Op de kapitaalmarkt was de toestand bedenkelijker. Uit dezelfde stellingen als hiervoor beschreven, leidden de beleggers af dat de rentetarieven opwaarts moeten ontwikkelen. De markten waren daardoor ronduit naar beneden gericht, met een lichte stijging van de renteschalen als gevolg. Dat belette niet dat sommige debiteurs voortreffelijke prestaties konden neerleggen. Zo klommen alle Italiaanse banken fors, tot zelfs winsten van meer dan 5%. De petroleumwaarden boerden ook fors vooruit, net als de stukken van groeilanden. Het langetermijnpapier van Europese soevereine emittenten lieten het daarentegen afweten. In USD deed zich een merkwaardig verschijnsel voor: stukken van olieproducerende bedrijven herstelden fors terwijl die van energiedistributeurs overal achteruit boerden.
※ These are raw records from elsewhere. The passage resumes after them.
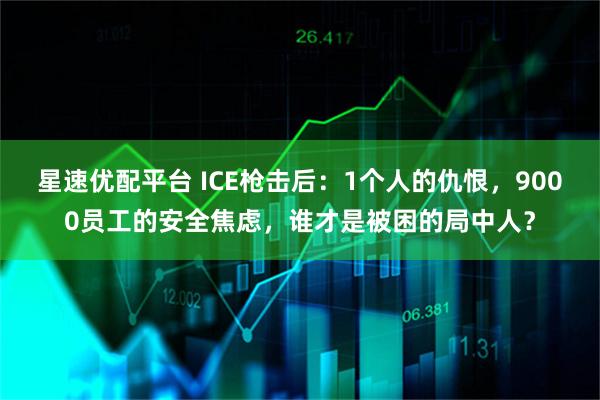 星速优配平台 ICE枪击后：1个人的仇恨，9000员工的安全焦虑，谁才是被困的局中人？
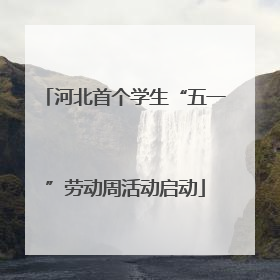 河北首个学生“五一”劳动周活动启动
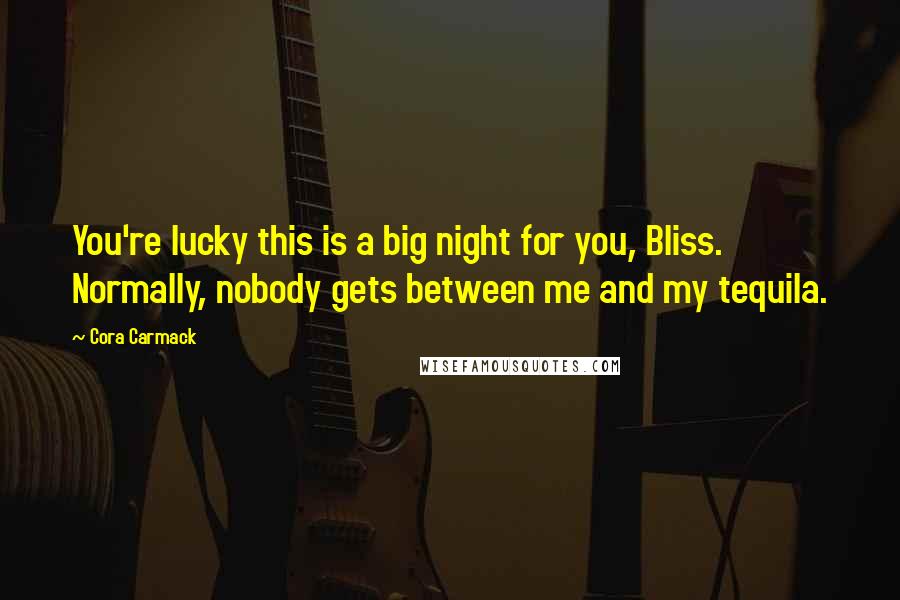 Cora Carmack Quotes: You're lucky this is a big night for you, Bliss. Normally, nobody gets between me and my tequila.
Het papier in hoogrentende munten was het enige dat vooruitgang boekte, met uitzondering van dat uitgedrukt in AUD en NZD. In de eerste groep telden men gemiddeld driemaal meer opwaarts gerichte stukken dan omgekeerd. Bij de overige munten was de verhouding precies omgekeerd. De huidige koersbewegingen zijn selectief en kunnen benut worden om posities aan te passen.
Massale uitgiften
De primaire markt was eveneens onderhevig aan de heersende gemoedsverandering. Banken blijven massaal uitgeven, hoofdzakelijk in EUR en in USD. Vooraanstaande bedrijven maken gebruik van de zeer lage rentestand en het vooruitzicht dat hun stukken door de Europese Centrale Bank in het kader van haar monetaire versoepelingsbeleid in aanmerking komen. De Duitse verzekeringsreus Allianz (Aa3) is daarvan een voorbeeld. Het Spaanse vastgoedbedrijf Merlin (BBB) brengt een zevenjarige lening in EUR uit, die 2% meer biedt dan het marktgemiddelde. Ze is alleen koopwaardig als u gelooft in het herstel van de Spaanse bouwsector.
De Nederlandse gas- en elektriciteitsverdeler Enexis (A+) biedt slecht 28 basispunten meer dan het marktgemiddelde met zijn 10-jarige uitgifte in EUR, half zoveel als de Spaanse Iberdrola (BBB). Hongarije (BB+) geeft u de mogelijkheid om te beleggen in yuan (CNY) vanuit Londen. De kans is echter klein dat men nog stukken tegen intekenvoorwaarden kan bemachtigen. Het stuk wisselt nu al tegen 101,6% van eigenaar op de grijze markt.